Definition
Embedding compression is the application of techniques that reduce the storage size and computational cost of embedding vectors while preserving their usefulness for similarity search. Full-precision embeddings (768 dimensions at 32-bit float = 3,072 bytes each) become expensive at scale — a knowledge base of 10 million chunks requires ~30 GB for embeddings alone. Compression techniques reduce this by 4-30x through dimensionality reduction, quantisation, or both, making large-scale semantic search feasible on commodity hardware.
Why it matters
- Memory savings — compressed embeddings require less RAM, enabling larger indexes to fit on fewer machines and reducing infrastructure costs
- Faster search — smaller vectors mean faster distance computations; compressed representations can also enable specialised fast-path computations like lookup-table-based distance
- Reduced embedding cost — some compression techniques (like Matryoshka embeddings) allow using shorter vectors from the same model, reducing both storage and initial computation
- Deployment flexibility — compressed embeddings enable on-device or edge deployment scenarios where memory and compute are constrained
How it works
Embedding compression techniques operate at different levels:
Dimensionality reduction (PCA, random projection) reduces the number of dimensions — from 768 to 256, for example. This removes the least informative dimensions while preserving the major structure. Retrieval quality typically drops 2-5% for a 60-70% size reduction.

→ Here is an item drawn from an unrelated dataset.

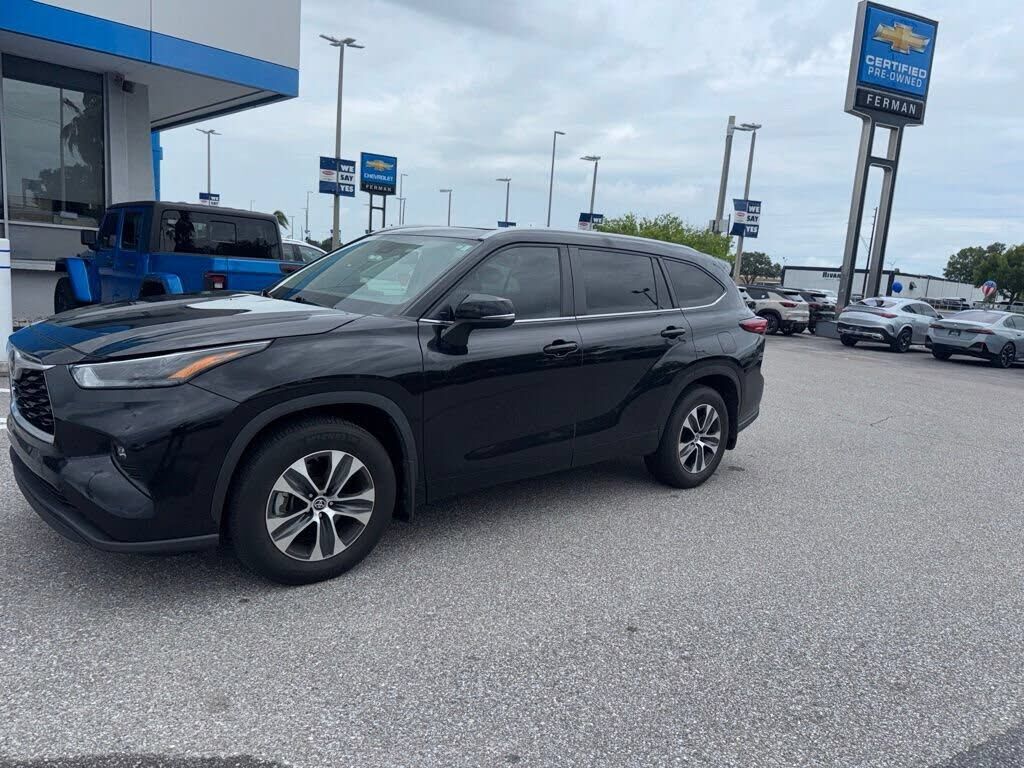 2023 TOYOTA Highlander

Scalar quantisation reduces the precision of each dimension — converting 32-bit floats to 8-bit integers or even binary values. Each dimension is linearly mapped from its observed range to a smaller integer range. 8-bit quantisation provides 4x compression with minimal quality loss; binary quantisation (1 bit per dimension) provides 32x compression but with significant quality degradation.
Product quantisation (PQ) splits the vector into subvectors and replaces each with an index into a learned codebook. This can achieve 20-60x compression while maintaining 95%+ of retrieval quality, making it the most popular technique for large-scale indexes.

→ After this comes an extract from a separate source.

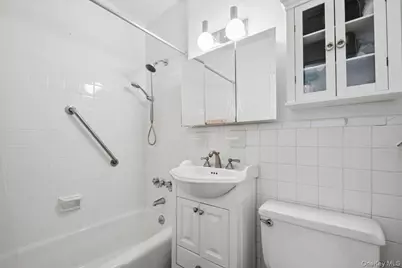 250 Garth Road #2E3, Scarsdale, NY 10583 - Photo 11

Matryoshka representation learning trains embedding models to produce vectors where the first N dimensions are a valid lower-dimensional embedding. This allows choosing the compression level at query time — using full 768-dimensional vectors for high-precision queries and truncated 256-dimensional vectors for fast approximate queries — without needing a separate compression step.
These techniques can be combined: for example, PCA to reduce from 768 to 256 dimensions, followed by scalar quantisation of the reduced vectors. The optimal combination depends on the dataset, the required quality level, and the hardware constraints.
Common questions
Q: How much quality is lost with compression?

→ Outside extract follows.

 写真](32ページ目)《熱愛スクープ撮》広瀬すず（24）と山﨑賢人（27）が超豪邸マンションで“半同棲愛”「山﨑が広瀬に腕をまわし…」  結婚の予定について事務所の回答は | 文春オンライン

A: It depends on the technique and aggressiveness. PCA from 768 to 384 dimensions typically preserves 97%+ of retrieval quality. 8-bit scalar quantisation preserves 99%+. Product quantisation with typical parameters preserves 95-98%. Binary quantisation drops to 85-90% but with dramatic compression.
Q: When should I compress embeddings?
A: When the full-precision index exceeds available memory, when search latency needs to be reduced, or when infrastructure costs need to be lowered. For small collections (under 1 million vectors), full-precision storage is usually affordable and compression is unnecessary.
References
Song Han et al. (2015), “Deep Compression: Compressing Deep Neural Networks with Pruning, Trained Quantization and Huffman Coding”, arXiv.
Lei Deng et al. (2020), “Model Compression and Hardware Acceleration for Neural Networks: A Comprehensive Survey”, Proceedings of the IEEE.
Francesco Marcelloni et al. (2010), “Enabling energy-efficient and lossy-aware data compression in wireless sensor networks by multi-objective evolutionary optimization”, Information Sciences.